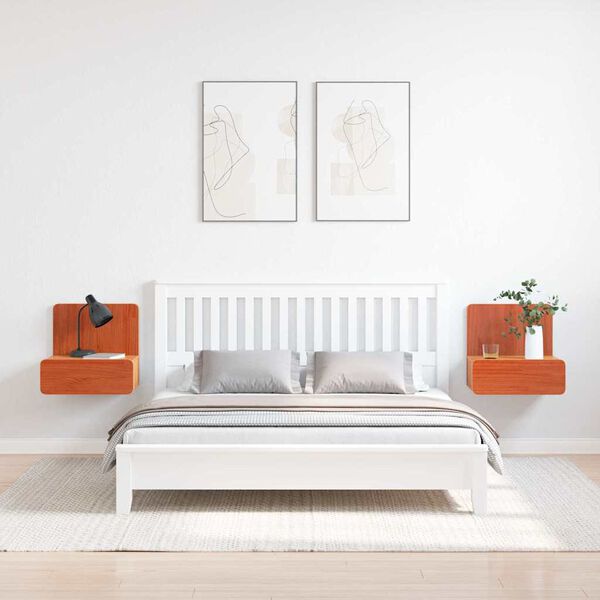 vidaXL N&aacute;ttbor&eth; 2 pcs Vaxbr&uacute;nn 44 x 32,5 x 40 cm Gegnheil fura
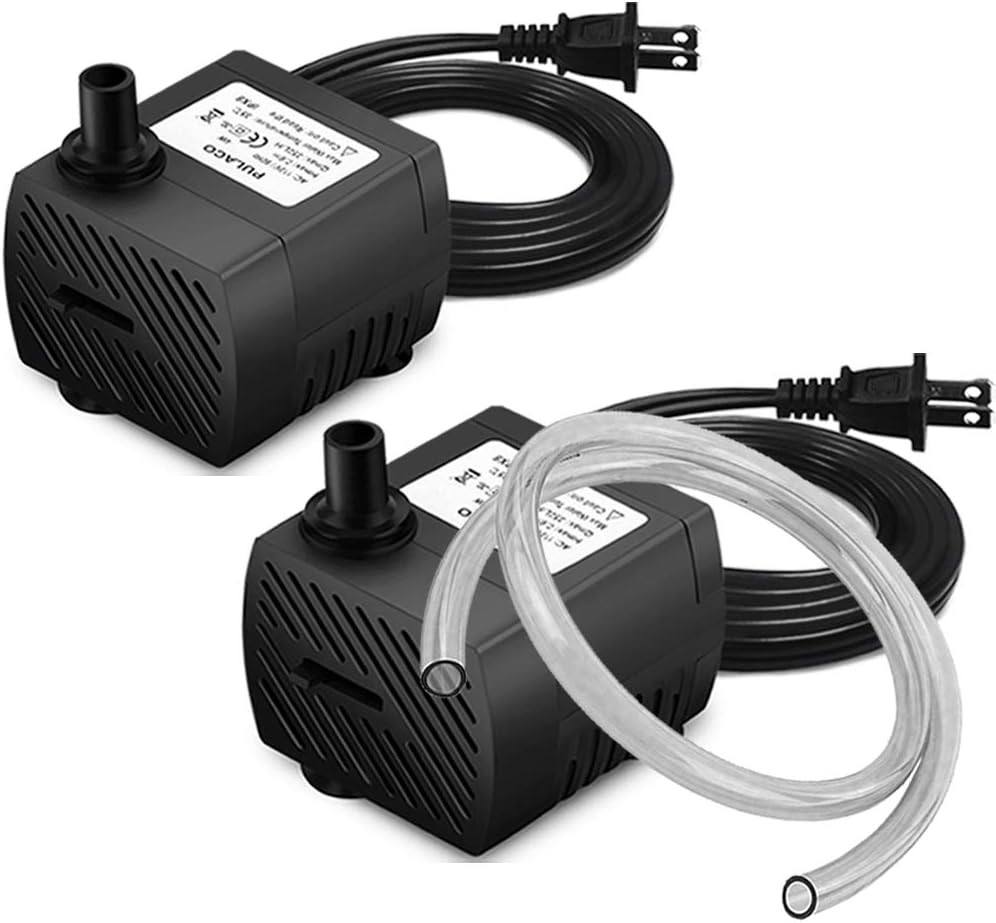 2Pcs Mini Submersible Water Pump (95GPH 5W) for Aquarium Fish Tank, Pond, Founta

---

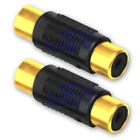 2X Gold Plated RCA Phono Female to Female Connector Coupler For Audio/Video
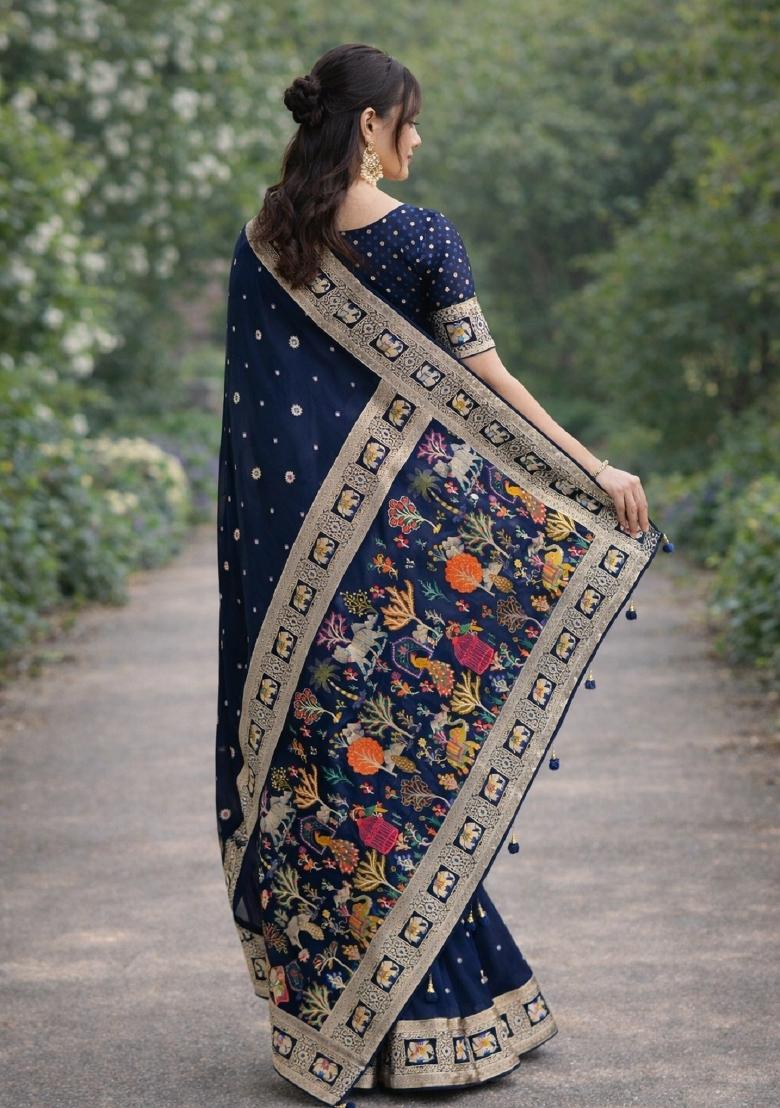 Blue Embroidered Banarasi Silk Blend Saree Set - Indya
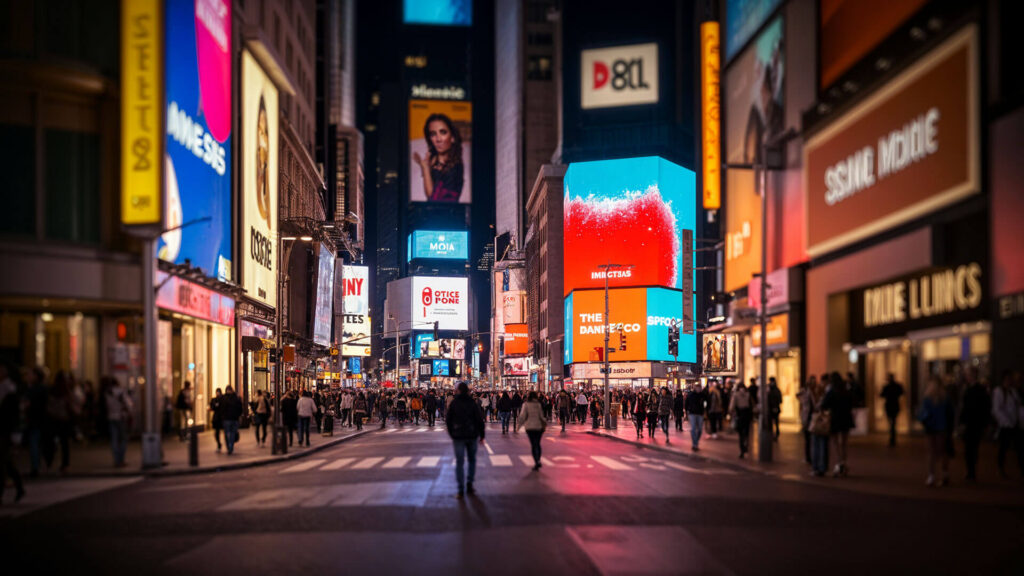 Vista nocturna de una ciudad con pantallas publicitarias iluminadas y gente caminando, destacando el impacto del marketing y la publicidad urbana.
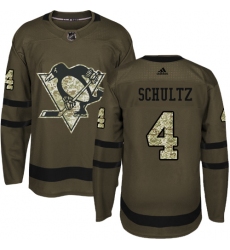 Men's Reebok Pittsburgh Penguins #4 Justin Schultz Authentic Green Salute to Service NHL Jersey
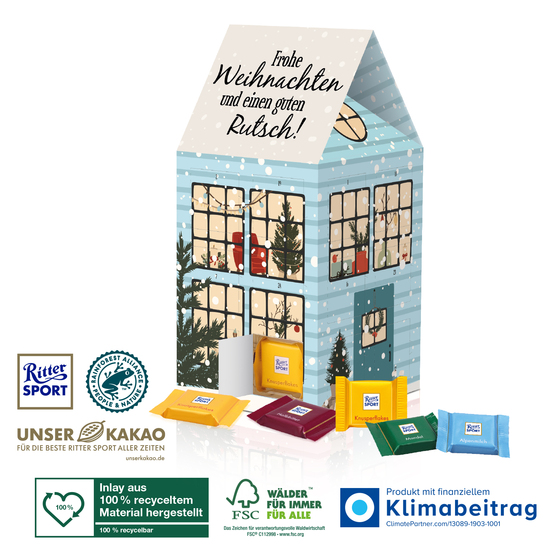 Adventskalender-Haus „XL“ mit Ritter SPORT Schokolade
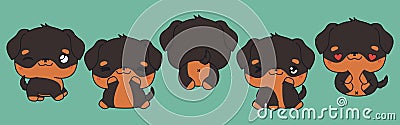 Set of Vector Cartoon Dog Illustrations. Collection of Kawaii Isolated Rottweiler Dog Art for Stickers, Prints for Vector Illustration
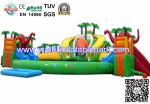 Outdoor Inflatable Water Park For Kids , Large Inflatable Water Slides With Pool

* * *

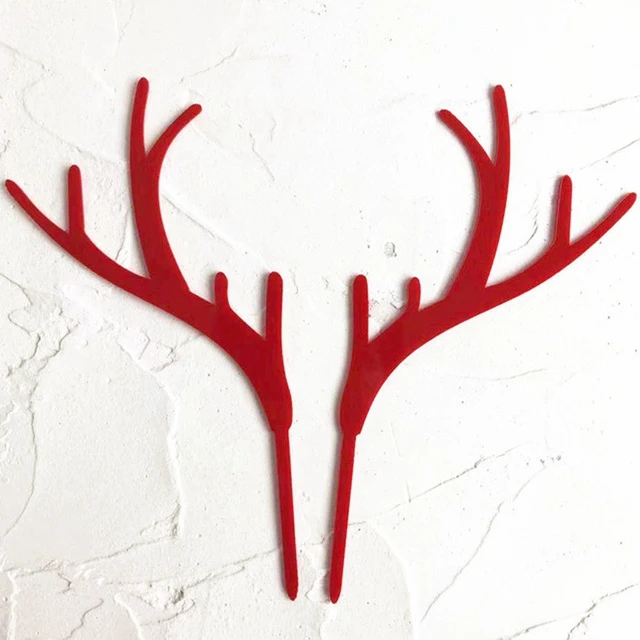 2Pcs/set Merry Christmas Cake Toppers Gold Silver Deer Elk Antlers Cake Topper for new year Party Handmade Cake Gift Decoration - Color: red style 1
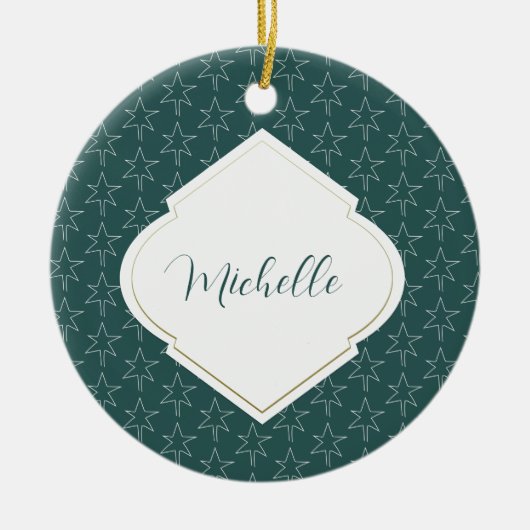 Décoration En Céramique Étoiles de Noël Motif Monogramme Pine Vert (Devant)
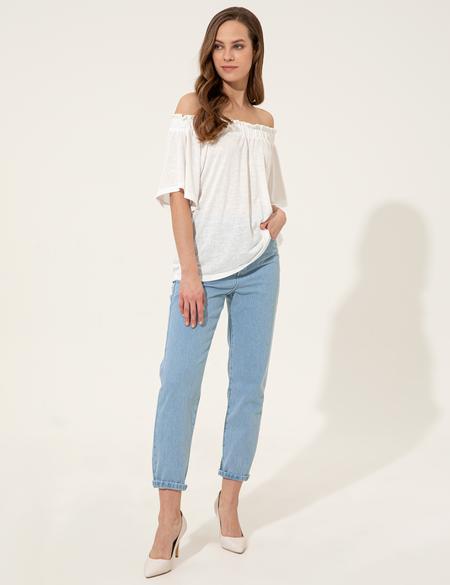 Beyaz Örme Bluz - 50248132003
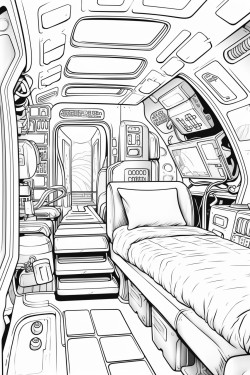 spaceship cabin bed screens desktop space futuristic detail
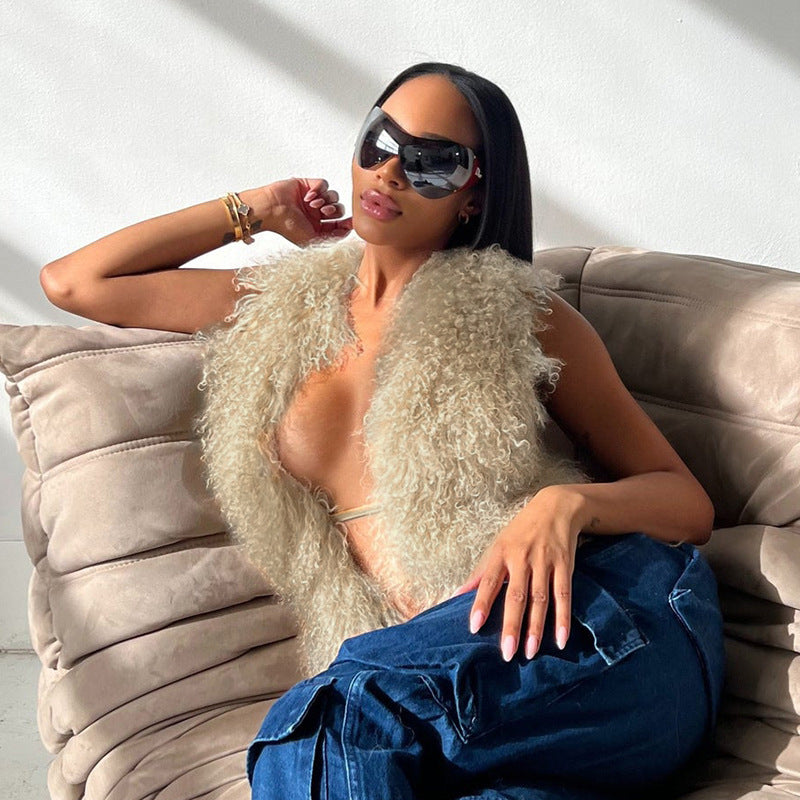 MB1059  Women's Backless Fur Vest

*WHAT THE TASK ASKS*: Output exactly the lines of the listing above that start with the one holding "Ritter SPORT Schokolade" and go on through the one holding "Outdoor Inflatable Water"; leave the pictures out.

*ANSWER SECTION*:
 Adventskalender-Haus „XL“ mit Ritter SPORT Schokolade
 Set of Vector Cartoon Dog Illustrations. Collection of Kawaii Isolated Rottweiler Dog Art for Stickers, Prints for Vector Illustration
 Outdoor Inflatable Water Park For Kids , Large Inflatable Water Slides With Pool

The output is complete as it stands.